[Start of section]

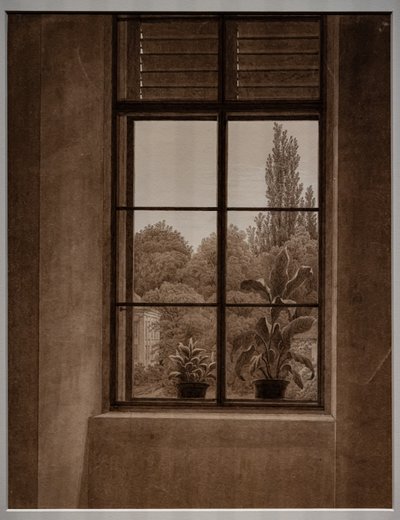 Ventana con vistas a un parque de Caspar David Friedrich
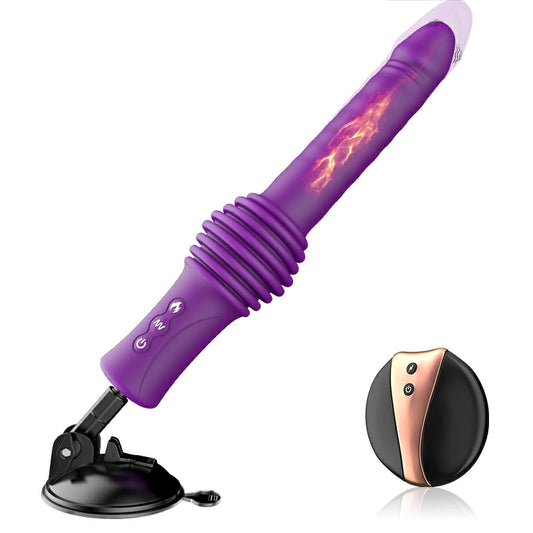 Hands-Free Thrusting Vibrating Heating Sex Machine with Remote Control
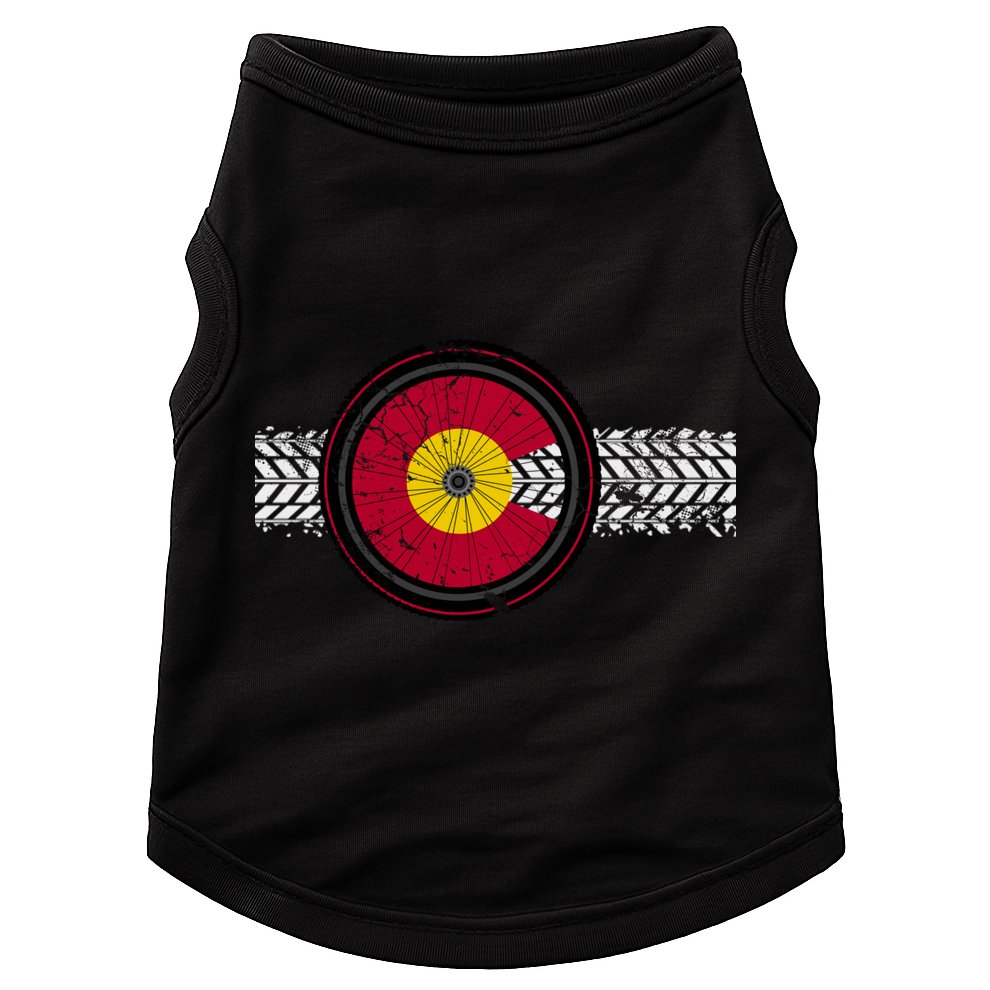 Colorado Bike Flag Mountain Bike Biking Cyclist Cycling Doggie Tank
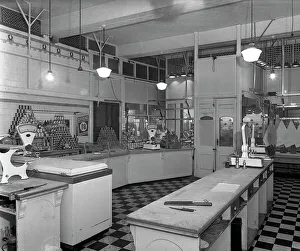Interior of the Butchery Department, Barnsley Co-op, South Yorkshire, 1956. Artist Interior of the Butchery Department, Barnsley Co-op, South Yorkshire, 1956. Artist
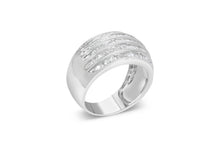 Load image into Gallery viewer, .925 Sterling Silver 1.0 Cttw Baguette-Cut Diamond 6-Row Channel Set Domed Tapered Cocktail Fashion Ring (H-I Color, I2-I3 Clarity) - Size 6-1/2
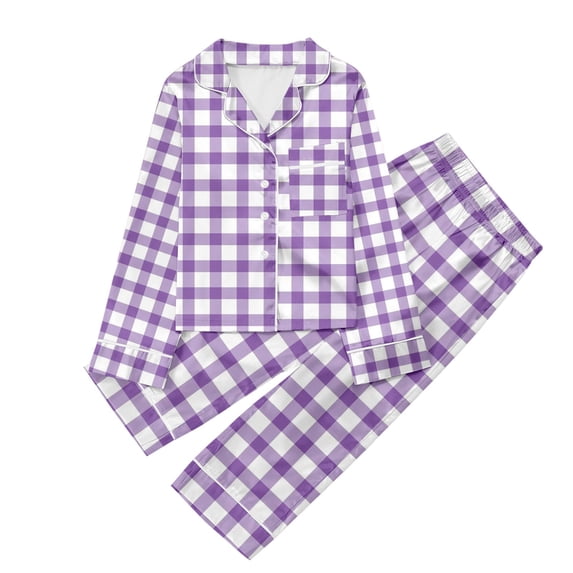 Bysome Girls Homewear Plaid Long Sleeve Lapel Neck T-Shirt With Pants Nightwear Comfortable Girls Homewear Size 9-10 Years Light Purple
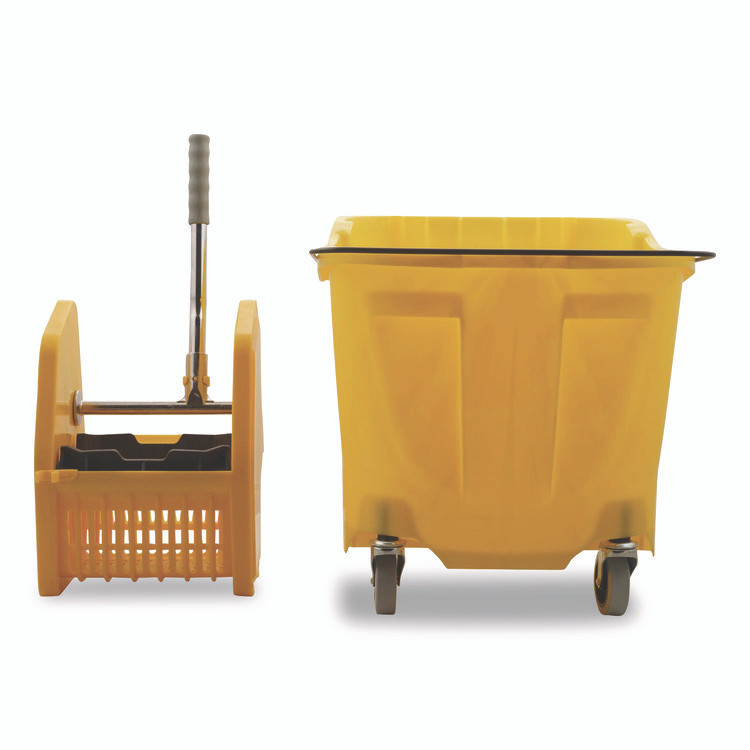 CFS BRANDS Carlisle 4690404 OmniFit Mop Bucket with Down Press Wringer, 35 qt, Yellow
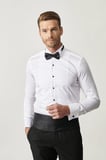 Beyaz Damatlık Ata Yaka Tailored Slim Fit Gömlek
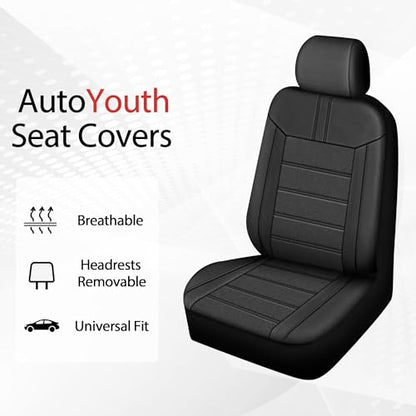 AUTOYOUTH Leather Car Seat Covers, Air Cool Mesh Design, Airbag Compatible Car Seat Covers Front Seats, Enhanced Comfort for Most Cars, SUVs, Vans - Black - color: Black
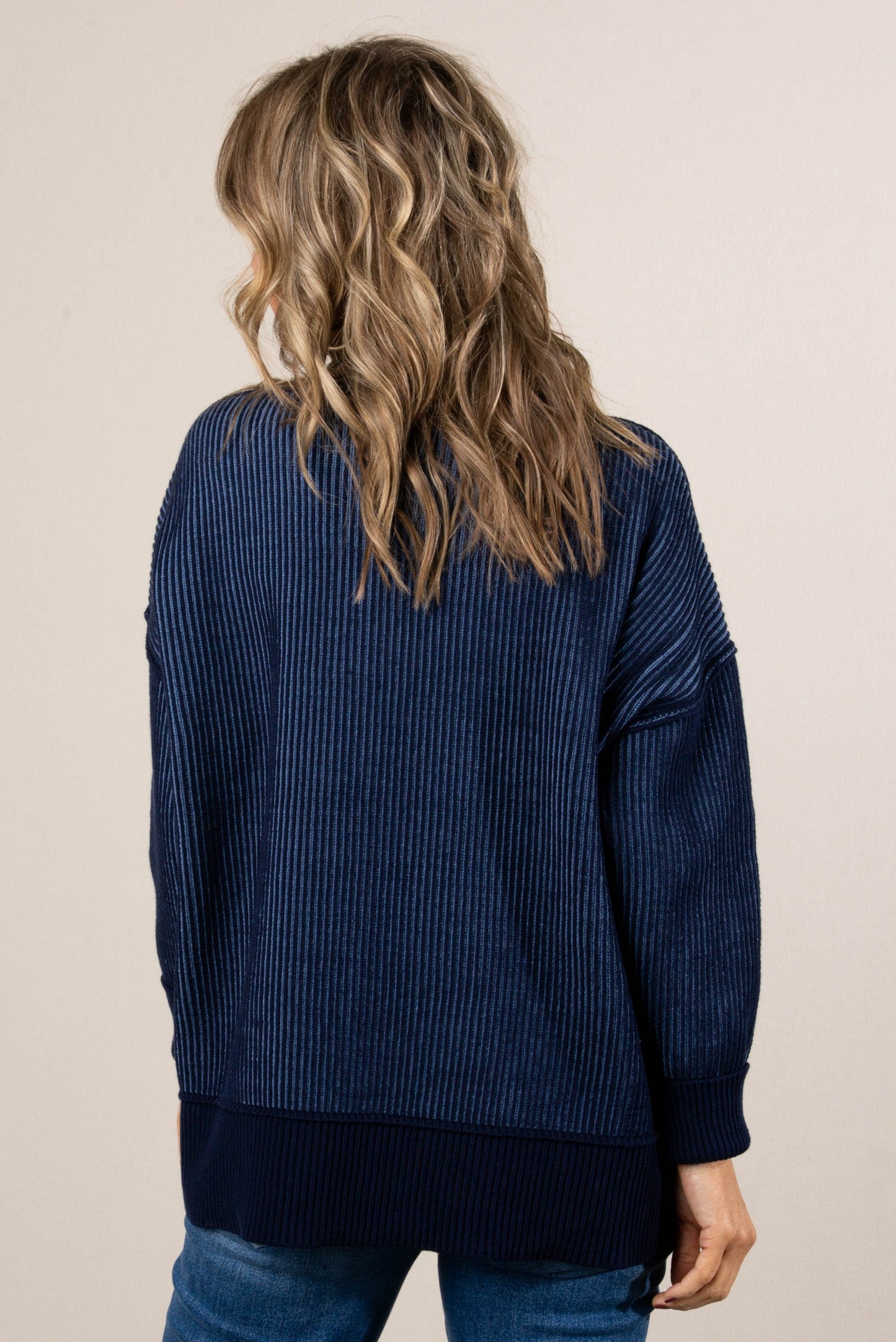 Serenade Two-Tone Rib Knit Sweater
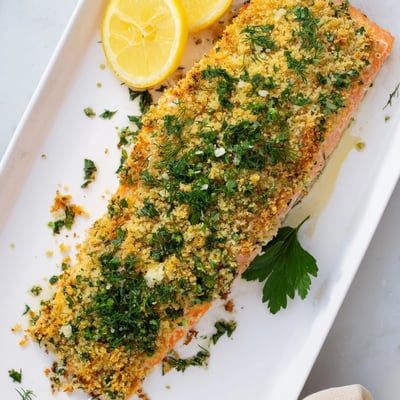 Freshly baked Irresistibly Crispy Parmesan Salmon Bake with a crunchy herb topping and flaky pink fish inside.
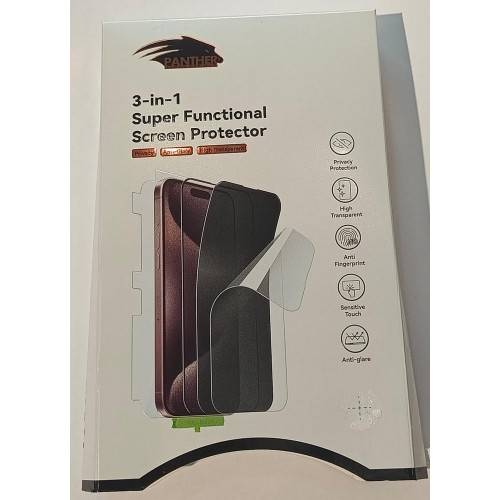 واقي شاشة بانثر 3 في 1 فائق الأداء IP 15 Pro (10302)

[End of section]

What belongs in the answer is each line above from the line with "Hands-Free Thrusting Vibrating" to the line with "Bysome Girls Homewear", inclusive, reproduced exactly and free of pictures.

 Hands-Free Thrusting Vibrating Heating Sex Machine with Remote Control
 Colorado Bike Flag Mountain Bike Biking Cyclist Cycling Doggie Tank
Interior of the Butchery Department, Barnsley Co-op, South Yorkshire, 1956. Artist Interior of the Butchery Department, Barnsley Co-op, South Yorkshire, 1956. Artist
 Load image into Gallery viewer, .925 Sterling Silver 1.0 Cttw Baguette-Cut Diamond 6-Row Channel Set Domed Tapered Cocktail Fashion Ring (H-I Color, I2-I3 Clarity) - Size 6-1/2
 Bysome Girls Homewear Plaid Long Sleeve Lapel Neck T-Shirt With Pants Nightwear Comfortable Girls Homewear Size 9-10 Years Light Purple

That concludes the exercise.